(INPUT MATERIAL Opens)
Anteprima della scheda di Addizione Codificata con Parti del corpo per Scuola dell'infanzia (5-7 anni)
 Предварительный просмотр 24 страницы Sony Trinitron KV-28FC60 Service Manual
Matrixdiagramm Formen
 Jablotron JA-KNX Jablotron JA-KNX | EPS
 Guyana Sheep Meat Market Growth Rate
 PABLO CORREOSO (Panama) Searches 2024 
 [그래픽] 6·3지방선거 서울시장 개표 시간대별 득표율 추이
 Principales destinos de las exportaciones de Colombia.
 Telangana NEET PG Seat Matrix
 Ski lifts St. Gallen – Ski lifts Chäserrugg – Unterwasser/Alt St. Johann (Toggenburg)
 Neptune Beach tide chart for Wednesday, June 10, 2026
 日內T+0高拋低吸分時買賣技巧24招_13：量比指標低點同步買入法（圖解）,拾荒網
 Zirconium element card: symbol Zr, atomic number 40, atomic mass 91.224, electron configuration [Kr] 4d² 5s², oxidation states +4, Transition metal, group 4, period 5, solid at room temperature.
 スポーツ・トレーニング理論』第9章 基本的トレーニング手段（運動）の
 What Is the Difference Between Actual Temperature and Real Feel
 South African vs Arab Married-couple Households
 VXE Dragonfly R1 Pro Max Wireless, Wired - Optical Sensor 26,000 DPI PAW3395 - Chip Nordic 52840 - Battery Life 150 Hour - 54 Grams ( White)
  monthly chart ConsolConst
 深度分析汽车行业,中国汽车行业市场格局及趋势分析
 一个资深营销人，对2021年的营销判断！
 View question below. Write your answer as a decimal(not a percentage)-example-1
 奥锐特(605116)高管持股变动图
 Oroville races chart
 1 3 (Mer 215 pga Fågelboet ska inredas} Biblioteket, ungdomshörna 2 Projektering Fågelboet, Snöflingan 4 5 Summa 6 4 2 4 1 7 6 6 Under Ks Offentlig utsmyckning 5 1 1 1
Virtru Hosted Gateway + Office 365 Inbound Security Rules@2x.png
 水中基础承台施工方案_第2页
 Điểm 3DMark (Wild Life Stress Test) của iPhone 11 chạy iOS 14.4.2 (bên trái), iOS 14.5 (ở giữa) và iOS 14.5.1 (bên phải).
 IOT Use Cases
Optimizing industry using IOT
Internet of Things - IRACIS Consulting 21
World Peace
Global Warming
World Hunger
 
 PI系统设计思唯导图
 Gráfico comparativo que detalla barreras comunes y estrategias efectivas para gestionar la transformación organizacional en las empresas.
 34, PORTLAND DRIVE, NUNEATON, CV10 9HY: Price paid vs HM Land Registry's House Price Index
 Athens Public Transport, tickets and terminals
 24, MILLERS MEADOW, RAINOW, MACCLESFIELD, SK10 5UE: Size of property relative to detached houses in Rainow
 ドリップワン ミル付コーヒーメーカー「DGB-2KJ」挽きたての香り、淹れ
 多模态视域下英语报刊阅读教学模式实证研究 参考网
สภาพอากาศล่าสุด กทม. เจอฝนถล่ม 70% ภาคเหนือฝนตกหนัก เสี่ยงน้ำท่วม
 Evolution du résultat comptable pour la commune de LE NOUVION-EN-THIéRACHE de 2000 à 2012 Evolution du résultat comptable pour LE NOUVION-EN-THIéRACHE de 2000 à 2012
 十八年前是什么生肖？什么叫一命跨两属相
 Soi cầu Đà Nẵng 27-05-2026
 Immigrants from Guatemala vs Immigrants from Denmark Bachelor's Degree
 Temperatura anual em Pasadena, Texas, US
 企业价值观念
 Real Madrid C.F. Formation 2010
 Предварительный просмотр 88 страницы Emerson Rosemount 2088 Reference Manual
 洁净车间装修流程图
(INPUT MATERIAL Closes)
• _EXERCISE_
All lines from the one containing "Immigrants from Guatemala" through the final line of the listing above are to be reproduced exactly; include both and add nothing.

• _PROBLEM SOLUTION_
 Immigrants from Guatemala vs Immigrants from Denmark Bachelor's Degree
 Temperatura anual em Pasadena, Texas, US
 企业价值观念
 Real Madrid C.F. Formation 2010
 Предварительный просмотр 88 страницы Emerson Rosemount 2088 Reference Manual
 洁净车间装修流程图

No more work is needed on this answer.